- [Exercise aim]: Copy every record exactly. Nothing may be skipped.

Short web captions
-----

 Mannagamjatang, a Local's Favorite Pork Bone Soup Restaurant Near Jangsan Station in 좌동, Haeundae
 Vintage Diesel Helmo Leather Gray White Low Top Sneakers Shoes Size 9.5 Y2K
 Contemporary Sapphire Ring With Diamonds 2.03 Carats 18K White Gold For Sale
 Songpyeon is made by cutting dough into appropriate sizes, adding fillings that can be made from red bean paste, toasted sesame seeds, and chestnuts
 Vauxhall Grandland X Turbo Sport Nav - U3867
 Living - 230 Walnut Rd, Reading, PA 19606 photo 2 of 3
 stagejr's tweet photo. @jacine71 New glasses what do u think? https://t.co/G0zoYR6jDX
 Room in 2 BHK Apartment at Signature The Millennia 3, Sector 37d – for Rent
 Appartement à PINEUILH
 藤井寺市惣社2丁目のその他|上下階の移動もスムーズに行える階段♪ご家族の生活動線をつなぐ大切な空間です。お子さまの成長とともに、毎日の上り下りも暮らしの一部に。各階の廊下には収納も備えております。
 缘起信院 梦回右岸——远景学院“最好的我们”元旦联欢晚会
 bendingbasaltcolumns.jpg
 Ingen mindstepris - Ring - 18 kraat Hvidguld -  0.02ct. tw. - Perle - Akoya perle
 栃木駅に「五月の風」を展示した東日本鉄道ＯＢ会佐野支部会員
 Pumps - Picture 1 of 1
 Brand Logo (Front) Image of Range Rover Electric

-----

- [Task answer]:
 Mannagamjatang, a Local's Favorite Pork Bone Soup Restaurant Near Jangsan Station in 좌동, Haeundae
 Vintage Diesel Helmo Leather Gray White Low Top Sneakers Shoes Size 9.5 Y2K
 Contemporary Sapphire Ring With Diamonds 2.03 Carats 18K White Gold For Sale
 Songpyeon is made by cutting dough into appropriate sizes, adding fillings that can be made from red bean paste, toasted sesame seeds, and chestnuts
 Vauxhall Grandland X Turbo Sport Nav - U3867
 Living - 230 Walnut Rd, Reading, PA 19606 photo 2 of 3
 stagejr's tweet photo. @jacine71 New glasses what do u think? https://t.co/G0zoYR6jDX
 Room in 2 BHK Apartment at Signature The Millennia 3, Sector 37d – for Rent
 Appartement à PINEUILH
 藤井寺市惣社2丁目のその他|上下階の移動もスムーズに行える階段♪ご家族の生活動線をつなぐ大切な空間です。お子さまの成長とともに、毎日の上り下りも暮らしの一部に。各階の廊下には収納も備えております。
 缘起信院 梦回右岸——远景学院“最好的我们”元旦联欢晚会
 bendingbasaltcolumns.jpg
 Ingen mindstepris - Ring - 18 kraat Hvidguld -  0.02ct. tw. - Perle - Akoya perle
 栃木駅に「五月の風」を展示した東日本鉄道ＯＢ会佐野支部会員
 Pumps - Picture 1 of 1
 Brand Logo (Front) Image of Range Rover Electric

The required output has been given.